ASSIGNMENT: Write out, from the entries below, exactly the lines that run between the lines holding "AI Tube star" and "原创不敢想象!睡懒觉会带来这么多患病的风险", inclusive, and stop there.

MATERIAL FOR THE TASK:
━━━━━━━━

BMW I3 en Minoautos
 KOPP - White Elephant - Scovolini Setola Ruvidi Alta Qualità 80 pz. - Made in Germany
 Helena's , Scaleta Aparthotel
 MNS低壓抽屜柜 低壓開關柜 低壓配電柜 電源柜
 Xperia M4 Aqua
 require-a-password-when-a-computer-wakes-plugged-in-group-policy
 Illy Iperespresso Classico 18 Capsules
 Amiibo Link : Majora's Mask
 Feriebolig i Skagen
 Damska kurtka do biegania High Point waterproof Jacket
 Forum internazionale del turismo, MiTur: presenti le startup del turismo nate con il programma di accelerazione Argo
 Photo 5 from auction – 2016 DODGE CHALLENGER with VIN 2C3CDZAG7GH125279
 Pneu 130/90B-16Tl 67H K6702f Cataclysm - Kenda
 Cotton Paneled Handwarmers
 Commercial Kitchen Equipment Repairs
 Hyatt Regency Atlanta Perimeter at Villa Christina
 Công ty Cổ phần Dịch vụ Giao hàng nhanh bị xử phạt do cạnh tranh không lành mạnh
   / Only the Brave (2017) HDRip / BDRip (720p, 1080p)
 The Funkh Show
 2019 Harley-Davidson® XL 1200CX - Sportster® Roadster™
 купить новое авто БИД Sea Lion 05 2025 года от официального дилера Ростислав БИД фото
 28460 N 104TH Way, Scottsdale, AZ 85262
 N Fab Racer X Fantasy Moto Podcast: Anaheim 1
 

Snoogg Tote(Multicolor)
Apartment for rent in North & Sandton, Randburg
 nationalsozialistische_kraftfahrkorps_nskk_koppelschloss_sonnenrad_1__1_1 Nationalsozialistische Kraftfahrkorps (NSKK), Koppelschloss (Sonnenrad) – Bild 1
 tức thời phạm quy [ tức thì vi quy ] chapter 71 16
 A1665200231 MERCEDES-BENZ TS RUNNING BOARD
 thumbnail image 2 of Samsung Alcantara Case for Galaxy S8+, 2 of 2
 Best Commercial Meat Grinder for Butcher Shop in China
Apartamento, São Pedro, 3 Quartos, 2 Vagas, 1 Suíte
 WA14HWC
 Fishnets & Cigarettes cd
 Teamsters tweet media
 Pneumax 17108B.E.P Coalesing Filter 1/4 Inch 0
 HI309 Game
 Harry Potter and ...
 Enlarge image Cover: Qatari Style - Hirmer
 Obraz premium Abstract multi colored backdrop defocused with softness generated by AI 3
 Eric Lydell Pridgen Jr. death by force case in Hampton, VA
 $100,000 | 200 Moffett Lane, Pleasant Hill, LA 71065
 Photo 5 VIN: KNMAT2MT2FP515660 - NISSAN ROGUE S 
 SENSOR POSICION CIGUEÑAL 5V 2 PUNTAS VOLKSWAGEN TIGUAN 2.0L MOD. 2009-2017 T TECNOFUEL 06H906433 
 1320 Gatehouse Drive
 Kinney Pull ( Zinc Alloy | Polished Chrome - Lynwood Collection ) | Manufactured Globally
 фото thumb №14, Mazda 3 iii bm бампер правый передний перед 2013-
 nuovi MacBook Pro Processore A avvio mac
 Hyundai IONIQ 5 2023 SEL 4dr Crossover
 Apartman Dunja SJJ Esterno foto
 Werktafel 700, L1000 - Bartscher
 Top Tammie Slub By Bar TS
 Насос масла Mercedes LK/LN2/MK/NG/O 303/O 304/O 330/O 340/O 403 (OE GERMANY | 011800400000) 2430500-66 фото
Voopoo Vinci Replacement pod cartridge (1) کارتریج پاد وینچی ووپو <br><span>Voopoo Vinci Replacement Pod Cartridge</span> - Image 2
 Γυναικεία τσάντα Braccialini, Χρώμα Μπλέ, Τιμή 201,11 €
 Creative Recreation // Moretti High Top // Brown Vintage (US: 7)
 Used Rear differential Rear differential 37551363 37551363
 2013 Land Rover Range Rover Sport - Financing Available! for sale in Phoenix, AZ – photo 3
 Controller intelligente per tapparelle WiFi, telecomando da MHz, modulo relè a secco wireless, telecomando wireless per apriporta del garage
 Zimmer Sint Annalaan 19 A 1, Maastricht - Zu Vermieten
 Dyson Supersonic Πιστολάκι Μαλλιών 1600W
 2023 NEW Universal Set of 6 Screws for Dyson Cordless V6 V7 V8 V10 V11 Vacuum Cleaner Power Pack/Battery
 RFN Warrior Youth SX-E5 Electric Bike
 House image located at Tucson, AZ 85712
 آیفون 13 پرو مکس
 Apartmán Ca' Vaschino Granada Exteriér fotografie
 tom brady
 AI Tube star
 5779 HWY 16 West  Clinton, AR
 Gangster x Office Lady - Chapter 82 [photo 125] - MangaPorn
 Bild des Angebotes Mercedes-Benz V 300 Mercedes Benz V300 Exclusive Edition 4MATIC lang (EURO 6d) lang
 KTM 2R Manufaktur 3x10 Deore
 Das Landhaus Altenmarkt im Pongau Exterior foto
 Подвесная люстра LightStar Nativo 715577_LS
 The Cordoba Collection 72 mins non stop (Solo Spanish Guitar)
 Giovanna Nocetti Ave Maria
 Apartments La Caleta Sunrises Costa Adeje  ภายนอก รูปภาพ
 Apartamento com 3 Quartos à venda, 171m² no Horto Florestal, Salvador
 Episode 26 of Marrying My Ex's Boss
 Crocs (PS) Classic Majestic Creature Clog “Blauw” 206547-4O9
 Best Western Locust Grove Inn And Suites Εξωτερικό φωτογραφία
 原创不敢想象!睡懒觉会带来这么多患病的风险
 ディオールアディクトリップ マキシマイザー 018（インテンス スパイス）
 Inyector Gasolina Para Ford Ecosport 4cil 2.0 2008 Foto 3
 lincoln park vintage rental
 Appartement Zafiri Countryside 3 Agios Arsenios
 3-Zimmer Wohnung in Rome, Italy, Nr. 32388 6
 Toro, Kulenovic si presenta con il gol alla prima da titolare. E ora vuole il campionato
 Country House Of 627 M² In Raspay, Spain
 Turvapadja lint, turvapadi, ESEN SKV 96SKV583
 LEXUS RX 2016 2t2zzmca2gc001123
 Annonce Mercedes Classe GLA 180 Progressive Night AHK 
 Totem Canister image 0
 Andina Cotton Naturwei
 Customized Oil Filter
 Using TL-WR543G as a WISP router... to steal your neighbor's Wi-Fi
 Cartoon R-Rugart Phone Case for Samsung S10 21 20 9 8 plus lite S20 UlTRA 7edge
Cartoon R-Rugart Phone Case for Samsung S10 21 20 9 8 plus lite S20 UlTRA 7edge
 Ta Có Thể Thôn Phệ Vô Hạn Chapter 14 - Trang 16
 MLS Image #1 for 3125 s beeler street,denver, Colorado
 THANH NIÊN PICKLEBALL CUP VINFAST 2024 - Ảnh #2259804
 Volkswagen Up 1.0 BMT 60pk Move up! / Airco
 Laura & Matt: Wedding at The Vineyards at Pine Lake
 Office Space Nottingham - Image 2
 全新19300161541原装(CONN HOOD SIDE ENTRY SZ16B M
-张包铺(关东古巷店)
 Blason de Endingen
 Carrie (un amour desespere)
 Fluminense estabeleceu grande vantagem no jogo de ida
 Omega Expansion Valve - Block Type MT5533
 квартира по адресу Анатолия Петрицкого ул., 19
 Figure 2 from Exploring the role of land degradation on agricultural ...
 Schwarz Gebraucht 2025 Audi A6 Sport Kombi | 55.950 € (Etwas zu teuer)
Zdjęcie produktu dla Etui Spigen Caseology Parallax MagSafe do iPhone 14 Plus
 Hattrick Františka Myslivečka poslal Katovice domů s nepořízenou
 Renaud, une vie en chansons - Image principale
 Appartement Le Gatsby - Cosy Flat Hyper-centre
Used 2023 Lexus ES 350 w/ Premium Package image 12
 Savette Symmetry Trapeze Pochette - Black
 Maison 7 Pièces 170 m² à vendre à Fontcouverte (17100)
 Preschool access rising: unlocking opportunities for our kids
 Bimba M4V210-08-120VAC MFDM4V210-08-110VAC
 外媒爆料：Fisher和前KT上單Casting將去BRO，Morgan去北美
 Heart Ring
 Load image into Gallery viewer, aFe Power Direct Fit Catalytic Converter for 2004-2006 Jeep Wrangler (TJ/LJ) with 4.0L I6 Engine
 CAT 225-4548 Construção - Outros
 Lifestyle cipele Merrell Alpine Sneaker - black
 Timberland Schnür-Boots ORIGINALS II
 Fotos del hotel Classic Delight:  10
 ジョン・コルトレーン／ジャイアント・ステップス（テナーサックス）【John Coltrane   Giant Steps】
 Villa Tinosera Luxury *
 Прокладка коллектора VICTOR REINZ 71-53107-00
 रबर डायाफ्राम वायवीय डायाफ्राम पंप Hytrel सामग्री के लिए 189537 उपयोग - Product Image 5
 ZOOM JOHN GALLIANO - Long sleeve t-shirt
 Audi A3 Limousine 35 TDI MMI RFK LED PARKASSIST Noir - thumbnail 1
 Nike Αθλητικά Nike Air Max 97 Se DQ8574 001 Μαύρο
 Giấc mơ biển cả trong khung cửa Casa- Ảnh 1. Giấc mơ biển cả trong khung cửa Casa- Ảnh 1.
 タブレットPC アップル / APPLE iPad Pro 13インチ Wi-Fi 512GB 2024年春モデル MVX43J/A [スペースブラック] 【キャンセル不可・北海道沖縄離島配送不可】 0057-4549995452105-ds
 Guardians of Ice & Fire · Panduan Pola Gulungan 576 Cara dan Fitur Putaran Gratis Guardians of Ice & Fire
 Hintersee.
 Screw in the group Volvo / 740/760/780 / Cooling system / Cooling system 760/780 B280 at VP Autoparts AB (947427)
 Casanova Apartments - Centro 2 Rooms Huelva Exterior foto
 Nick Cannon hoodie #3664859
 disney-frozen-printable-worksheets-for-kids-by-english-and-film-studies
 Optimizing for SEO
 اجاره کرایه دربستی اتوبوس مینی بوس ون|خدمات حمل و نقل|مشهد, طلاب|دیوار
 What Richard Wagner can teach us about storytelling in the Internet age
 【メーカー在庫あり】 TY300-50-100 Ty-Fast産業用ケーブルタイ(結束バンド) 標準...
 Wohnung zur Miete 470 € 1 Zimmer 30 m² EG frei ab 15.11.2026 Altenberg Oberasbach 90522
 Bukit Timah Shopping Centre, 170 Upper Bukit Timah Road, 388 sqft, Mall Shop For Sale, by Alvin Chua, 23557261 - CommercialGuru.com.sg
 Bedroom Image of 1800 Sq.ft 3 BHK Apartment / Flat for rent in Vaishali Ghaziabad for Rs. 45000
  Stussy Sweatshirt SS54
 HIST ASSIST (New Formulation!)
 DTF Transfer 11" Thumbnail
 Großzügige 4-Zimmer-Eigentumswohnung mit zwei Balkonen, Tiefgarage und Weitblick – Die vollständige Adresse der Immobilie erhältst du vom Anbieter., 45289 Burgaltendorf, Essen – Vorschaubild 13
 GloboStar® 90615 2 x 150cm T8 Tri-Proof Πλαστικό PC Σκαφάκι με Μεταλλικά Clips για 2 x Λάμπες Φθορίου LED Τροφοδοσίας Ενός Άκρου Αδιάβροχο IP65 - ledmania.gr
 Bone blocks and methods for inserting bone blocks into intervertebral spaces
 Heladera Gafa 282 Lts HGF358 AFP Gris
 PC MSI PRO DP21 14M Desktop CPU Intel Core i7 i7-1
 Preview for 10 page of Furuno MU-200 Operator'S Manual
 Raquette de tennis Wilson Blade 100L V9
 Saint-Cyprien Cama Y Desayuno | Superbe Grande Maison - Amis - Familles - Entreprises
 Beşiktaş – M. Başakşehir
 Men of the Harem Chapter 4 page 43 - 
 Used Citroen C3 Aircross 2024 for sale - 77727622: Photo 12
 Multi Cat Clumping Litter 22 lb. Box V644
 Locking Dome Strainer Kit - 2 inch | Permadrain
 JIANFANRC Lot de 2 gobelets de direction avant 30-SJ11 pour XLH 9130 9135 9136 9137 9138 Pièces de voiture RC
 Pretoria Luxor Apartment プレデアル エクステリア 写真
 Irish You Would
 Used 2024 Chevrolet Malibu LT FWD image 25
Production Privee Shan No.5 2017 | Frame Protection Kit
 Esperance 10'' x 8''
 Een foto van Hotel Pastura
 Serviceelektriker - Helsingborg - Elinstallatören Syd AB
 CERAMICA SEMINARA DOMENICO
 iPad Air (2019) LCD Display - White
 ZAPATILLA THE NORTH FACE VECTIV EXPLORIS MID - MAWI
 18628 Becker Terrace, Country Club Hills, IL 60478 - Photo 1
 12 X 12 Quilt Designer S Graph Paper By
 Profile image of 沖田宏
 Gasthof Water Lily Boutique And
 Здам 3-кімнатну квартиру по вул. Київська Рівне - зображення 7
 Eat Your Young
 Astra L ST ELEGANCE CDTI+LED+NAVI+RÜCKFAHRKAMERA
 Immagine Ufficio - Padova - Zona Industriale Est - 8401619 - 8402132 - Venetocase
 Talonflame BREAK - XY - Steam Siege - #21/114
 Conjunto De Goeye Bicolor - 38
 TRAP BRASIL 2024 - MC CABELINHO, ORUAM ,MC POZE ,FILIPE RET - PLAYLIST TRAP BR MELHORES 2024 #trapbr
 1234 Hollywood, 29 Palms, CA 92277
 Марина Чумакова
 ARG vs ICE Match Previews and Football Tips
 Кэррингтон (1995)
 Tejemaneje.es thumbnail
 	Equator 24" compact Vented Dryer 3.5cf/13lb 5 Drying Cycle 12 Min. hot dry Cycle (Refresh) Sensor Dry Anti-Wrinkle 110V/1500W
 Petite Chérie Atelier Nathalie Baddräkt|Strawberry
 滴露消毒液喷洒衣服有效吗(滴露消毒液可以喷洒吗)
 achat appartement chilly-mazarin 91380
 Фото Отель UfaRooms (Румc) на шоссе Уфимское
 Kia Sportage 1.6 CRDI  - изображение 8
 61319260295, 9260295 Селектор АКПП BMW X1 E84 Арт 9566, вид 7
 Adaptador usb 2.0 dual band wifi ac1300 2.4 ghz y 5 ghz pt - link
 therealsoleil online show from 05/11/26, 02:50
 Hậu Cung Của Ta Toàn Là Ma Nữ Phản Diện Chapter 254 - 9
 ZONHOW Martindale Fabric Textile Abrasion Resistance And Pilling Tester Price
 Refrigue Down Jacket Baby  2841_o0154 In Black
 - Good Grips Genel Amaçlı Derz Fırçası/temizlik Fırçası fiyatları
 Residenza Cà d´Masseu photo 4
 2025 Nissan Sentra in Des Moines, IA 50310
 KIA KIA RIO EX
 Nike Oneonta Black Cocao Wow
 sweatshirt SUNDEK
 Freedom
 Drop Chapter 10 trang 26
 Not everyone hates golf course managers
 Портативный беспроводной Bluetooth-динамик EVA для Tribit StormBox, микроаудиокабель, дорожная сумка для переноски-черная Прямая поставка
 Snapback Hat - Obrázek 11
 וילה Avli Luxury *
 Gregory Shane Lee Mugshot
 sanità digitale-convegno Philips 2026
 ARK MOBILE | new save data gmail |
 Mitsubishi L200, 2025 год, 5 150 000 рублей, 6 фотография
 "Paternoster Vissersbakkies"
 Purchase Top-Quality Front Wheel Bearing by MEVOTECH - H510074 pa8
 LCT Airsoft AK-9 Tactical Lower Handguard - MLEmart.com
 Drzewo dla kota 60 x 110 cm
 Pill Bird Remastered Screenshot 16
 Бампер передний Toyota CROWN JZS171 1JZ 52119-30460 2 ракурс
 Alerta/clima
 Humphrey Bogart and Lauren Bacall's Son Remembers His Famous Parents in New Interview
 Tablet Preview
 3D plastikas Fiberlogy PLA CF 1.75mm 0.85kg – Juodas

━━━━━━━━

RESPONSE:
 AI Tube star
 5779 HWY 16 West  Clinton, AR
 Gangster x Office Lady - Chapter 82 [photo 125] - MangaPorn
 Bild des Angebotes Mercedes-Benz V 300 Mercedes Benz V300 Exclusive Edition 4MATIC lang (EURO 6d) lang
 KTM 2R Manufaktur 3x10 Deore
 Das Landhaus Altenmarkt im Pongau Exterior foto
 Подвесная люстра LightStar Nativo 715577_LS
 The Cordoba Collection 72 mins non stop (Solo Spanish Guitar)
 Giovanna Nocetti Ave Maria
 Apartments La Caleta Sunrises Costa Adeje  ภายนอก รูปภาพ
 Apartamento com 3 Quartos à venda, 171m² no Horto Florestal, Salvador
 Episode 26 of Marrying My Ex's Boss
 Crocs (PS) Classic Majestic Creature Clog “Blauw” 206547-4O9
 Best Western Locust Grove Inn And Suites Εξωτερικό φωτογραφία
 原创不敢想象!睡懒觉会带来这么多患病的风险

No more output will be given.